» THE PROBLEM:
Below are records; reproduce exactly the lines from the one that has "VTG Lava Glazed" through the one that has "物件外観写真5　(駐輪場)", ends included, and nothing more.
───── TASK DATA
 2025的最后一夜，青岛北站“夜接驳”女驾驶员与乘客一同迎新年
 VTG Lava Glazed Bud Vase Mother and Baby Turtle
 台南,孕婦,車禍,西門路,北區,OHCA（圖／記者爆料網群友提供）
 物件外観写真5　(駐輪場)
──────────
───── TASK DATA
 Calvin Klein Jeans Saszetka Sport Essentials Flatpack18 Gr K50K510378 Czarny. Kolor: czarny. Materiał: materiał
──────────
───── TASK DATA
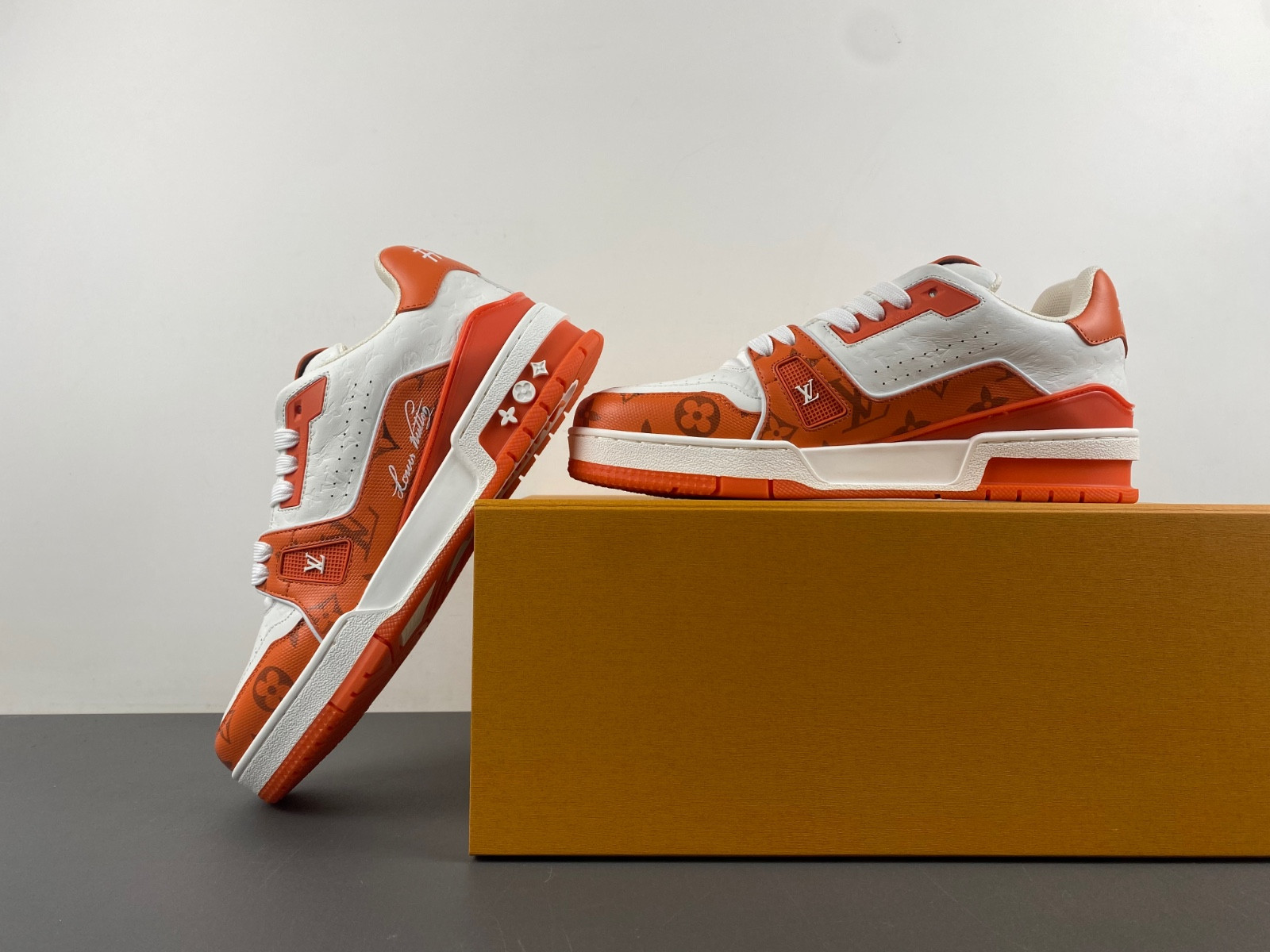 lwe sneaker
──────────
» EXERCISE SOLUTION:
 VTG Lava Glazed Bud Vase Mother and Baby Turtle
 台南,孕婦,車禍,西門路,北區,OHCA（圖／記者爆料網群友提供）
 物件外観写真5　(駐輪場)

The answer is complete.